● Problem statement: The output is the lines below from the one with "Enhancement is very" through the one with "Before I get", both included, printed exactly and with no other line.

● Task inputs:
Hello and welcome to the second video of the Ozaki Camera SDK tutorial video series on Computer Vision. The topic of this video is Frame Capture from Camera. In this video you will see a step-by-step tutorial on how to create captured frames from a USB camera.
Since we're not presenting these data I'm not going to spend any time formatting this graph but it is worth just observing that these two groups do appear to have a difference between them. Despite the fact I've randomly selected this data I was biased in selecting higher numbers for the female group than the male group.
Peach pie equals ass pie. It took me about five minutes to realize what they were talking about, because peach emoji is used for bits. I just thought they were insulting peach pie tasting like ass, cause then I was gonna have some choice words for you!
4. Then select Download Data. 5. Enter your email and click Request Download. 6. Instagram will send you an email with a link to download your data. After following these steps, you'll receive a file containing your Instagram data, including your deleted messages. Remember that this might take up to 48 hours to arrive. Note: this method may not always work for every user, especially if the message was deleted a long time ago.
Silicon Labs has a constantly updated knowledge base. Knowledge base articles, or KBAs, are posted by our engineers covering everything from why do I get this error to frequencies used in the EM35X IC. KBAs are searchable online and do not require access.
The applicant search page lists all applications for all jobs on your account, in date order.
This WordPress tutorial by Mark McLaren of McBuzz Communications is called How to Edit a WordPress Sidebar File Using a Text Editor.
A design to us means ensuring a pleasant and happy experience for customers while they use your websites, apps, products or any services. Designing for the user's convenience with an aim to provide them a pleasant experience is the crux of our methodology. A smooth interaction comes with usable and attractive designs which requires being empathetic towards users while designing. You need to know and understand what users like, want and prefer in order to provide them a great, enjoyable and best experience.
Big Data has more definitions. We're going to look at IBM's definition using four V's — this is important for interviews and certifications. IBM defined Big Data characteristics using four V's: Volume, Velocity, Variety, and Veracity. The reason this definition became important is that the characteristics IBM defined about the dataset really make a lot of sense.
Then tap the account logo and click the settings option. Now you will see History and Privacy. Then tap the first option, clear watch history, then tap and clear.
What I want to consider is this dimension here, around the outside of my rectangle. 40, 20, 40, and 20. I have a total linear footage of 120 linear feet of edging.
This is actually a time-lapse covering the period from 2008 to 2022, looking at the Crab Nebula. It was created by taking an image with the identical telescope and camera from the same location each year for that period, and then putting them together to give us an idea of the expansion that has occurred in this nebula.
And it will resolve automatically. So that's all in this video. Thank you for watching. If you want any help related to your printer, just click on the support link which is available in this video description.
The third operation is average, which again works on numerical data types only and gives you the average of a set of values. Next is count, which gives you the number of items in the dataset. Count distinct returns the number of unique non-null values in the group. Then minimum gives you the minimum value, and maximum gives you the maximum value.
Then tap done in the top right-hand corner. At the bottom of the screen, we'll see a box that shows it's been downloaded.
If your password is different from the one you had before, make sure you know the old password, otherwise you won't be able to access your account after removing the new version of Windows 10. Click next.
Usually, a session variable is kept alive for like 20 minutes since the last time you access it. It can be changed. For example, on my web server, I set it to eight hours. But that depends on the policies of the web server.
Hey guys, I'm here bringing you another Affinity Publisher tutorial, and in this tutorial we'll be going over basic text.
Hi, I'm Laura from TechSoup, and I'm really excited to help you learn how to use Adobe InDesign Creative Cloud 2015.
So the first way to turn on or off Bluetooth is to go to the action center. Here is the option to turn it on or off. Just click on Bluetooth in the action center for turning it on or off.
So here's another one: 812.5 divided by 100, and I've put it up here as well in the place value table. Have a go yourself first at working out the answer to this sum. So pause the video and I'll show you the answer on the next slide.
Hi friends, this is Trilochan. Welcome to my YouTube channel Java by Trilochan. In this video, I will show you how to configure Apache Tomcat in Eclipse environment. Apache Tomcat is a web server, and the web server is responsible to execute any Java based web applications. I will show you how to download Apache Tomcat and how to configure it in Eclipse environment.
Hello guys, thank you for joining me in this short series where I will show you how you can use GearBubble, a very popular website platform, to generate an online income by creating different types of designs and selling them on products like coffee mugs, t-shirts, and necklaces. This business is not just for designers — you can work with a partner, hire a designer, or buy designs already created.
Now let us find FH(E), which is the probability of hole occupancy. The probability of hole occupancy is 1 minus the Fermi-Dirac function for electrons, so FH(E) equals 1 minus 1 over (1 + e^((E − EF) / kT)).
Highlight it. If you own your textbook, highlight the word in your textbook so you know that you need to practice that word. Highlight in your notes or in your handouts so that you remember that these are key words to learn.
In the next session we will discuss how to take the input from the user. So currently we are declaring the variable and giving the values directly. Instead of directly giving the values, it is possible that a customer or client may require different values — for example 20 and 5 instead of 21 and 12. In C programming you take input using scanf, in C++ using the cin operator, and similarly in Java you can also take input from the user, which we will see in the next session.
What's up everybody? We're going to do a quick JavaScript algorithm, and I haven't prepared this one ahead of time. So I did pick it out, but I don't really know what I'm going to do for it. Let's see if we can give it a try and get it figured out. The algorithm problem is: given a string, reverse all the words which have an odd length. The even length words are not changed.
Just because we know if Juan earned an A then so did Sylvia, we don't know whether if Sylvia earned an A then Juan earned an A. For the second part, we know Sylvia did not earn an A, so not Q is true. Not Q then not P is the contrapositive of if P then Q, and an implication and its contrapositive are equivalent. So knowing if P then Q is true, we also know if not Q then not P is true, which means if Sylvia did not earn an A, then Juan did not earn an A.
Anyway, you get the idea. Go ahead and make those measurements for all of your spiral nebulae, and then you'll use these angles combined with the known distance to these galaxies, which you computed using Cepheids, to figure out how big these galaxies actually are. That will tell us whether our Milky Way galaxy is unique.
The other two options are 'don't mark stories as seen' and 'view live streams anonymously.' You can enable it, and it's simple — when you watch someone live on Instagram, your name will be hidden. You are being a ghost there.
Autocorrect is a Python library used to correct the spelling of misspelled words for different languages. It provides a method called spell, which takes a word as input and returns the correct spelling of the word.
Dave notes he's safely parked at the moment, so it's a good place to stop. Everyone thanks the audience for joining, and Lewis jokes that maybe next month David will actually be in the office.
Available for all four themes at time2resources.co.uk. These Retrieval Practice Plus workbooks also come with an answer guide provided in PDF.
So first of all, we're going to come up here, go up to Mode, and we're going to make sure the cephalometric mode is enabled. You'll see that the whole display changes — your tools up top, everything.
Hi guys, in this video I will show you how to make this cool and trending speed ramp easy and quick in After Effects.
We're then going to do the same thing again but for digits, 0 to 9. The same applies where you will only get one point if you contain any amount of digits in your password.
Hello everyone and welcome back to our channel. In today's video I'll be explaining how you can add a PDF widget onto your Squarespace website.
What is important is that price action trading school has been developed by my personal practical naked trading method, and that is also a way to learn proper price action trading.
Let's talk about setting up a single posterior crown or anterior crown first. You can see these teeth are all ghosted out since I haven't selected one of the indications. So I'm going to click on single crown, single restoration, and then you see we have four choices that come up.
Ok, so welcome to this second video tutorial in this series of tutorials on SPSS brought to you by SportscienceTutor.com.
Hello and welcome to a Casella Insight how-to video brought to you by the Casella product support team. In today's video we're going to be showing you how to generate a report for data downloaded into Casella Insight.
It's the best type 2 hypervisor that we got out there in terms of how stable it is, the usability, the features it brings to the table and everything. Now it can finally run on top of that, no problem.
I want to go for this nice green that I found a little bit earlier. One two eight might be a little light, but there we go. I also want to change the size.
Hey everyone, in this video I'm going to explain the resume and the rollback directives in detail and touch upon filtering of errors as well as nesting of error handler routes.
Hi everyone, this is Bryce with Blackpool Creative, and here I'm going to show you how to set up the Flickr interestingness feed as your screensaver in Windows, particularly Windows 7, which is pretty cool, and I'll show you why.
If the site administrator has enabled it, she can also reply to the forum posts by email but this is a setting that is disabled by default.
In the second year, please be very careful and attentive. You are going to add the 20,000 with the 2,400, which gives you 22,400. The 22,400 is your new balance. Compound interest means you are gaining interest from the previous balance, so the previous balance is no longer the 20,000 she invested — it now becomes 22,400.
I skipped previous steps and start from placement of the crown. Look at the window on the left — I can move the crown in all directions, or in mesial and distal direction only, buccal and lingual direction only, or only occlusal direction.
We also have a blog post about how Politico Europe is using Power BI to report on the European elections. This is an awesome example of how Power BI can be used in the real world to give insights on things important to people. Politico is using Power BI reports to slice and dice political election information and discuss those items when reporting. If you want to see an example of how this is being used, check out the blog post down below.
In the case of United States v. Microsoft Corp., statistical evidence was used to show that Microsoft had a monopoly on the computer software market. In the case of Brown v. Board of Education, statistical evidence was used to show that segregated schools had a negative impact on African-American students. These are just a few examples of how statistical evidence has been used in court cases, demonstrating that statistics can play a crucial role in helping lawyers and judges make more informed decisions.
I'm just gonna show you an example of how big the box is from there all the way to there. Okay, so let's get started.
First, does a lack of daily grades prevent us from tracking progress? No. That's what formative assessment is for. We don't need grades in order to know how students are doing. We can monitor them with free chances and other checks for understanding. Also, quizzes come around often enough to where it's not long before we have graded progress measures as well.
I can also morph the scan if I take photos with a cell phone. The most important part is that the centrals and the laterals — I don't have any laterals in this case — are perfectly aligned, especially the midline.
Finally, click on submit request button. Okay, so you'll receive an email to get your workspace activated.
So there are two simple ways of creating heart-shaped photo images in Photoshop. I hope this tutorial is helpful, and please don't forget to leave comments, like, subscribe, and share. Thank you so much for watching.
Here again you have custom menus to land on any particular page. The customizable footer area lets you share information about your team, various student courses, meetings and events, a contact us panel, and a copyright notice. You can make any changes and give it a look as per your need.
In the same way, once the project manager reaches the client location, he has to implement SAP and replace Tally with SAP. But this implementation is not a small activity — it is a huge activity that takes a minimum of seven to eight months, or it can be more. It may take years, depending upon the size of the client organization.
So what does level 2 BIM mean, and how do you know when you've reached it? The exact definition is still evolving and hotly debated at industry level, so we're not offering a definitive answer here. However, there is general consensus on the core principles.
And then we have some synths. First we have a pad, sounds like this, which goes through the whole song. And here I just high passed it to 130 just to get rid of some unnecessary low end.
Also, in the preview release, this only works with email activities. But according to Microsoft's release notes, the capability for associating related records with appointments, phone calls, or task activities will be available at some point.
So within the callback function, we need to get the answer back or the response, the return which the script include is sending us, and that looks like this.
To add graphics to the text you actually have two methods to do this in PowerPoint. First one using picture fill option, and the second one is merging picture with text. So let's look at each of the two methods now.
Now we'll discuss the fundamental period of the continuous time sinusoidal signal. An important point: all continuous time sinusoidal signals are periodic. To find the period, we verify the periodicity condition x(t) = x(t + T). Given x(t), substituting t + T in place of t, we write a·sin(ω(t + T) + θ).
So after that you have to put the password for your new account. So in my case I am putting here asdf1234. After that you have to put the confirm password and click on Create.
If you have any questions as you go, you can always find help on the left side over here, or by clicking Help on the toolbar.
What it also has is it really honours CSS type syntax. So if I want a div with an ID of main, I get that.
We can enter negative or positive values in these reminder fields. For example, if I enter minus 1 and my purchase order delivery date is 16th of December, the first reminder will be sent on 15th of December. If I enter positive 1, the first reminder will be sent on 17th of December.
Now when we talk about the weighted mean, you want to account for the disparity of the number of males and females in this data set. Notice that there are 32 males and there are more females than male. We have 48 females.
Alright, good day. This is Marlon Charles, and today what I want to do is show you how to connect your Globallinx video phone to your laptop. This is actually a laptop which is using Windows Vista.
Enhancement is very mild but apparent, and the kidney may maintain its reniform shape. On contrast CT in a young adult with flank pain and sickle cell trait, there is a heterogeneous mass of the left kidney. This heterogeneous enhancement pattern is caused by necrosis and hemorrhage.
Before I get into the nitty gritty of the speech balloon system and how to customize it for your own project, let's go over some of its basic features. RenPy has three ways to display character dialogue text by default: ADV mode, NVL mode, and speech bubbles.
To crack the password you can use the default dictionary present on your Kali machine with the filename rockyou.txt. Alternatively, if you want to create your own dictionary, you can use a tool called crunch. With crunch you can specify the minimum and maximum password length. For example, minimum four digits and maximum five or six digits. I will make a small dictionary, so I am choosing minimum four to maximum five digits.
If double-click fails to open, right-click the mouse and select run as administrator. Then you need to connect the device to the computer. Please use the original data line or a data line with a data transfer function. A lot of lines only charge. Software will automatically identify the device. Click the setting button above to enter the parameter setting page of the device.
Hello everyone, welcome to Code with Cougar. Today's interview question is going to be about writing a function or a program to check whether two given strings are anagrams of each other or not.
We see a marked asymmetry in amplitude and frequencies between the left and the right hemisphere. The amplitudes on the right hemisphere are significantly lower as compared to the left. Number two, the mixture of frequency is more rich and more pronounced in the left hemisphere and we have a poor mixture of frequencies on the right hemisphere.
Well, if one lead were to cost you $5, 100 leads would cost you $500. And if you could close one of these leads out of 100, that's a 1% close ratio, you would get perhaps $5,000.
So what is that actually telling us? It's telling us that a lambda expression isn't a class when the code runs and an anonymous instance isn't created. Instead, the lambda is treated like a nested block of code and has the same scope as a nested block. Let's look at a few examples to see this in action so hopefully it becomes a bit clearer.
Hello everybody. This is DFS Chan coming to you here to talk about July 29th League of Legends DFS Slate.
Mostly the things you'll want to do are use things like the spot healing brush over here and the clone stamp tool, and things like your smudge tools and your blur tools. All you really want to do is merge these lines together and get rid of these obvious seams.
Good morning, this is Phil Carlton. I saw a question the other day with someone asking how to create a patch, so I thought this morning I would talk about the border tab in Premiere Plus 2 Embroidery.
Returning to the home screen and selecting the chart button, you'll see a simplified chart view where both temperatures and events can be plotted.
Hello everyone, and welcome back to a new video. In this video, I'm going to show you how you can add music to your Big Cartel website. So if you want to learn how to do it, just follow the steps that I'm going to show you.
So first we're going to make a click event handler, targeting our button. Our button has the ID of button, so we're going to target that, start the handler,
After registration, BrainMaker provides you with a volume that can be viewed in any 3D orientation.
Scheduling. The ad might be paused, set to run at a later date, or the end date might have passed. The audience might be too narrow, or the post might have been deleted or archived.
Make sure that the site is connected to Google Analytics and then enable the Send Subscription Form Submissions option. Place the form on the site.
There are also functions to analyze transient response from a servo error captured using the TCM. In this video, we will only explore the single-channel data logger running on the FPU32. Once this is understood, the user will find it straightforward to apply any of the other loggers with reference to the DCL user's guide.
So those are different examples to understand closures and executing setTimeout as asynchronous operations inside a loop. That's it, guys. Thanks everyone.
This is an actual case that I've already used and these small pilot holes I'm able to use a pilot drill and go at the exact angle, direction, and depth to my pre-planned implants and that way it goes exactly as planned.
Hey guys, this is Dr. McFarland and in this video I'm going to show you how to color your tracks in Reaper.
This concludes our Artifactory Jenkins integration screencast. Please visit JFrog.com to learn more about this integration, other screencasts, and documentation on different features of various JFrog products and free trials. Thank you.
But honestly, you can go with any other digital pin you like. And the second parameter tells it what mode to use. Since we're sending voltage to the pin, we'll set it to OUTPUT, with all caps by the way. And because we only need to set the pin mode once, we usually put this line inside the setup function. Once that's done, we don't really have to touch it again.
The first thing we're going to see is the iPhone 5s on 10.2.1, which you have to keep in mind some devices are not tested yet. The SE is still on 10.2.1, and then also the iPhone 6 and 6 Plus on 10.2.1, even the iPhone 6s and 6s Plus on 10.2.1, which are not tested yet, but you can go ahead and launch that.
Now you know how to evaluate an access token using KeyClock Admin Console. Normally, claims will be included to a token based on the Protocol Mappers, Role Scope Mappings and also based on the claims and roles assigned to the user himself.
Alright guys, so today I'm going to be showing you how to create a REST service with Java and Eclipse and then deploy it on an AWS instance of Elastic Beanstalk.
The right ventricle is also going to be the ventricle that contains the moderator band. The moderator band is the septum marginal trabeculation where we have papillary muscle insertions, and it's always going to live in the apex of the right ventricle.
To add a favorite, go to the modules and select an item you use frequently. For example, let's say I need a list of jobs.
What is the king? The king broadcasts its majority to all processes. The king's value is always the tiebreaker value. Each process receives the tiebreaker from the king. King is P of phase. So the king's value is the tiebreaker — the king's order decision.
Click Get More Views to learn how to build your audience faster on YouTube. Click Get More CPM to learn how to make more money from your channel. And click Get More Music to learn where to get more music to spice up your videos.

● Output below:
Enhancement is very mild but apparent, and the kidney may maintain its reniform shape. On contrast CT in a young adult with flank pain and sickle cell trait, there is a heterogeneous mass of the left kidney. This heterogeneous enhancement pattern is caused by necrosis and hemorrhage.
Before I get into the nitty gritty of the speech balloon system and how to customize it for your own project, let's go over some of its basic features. RenPy has three ways to display character dialogue text by default: ADV mode, NVL mode, and speech bubbles.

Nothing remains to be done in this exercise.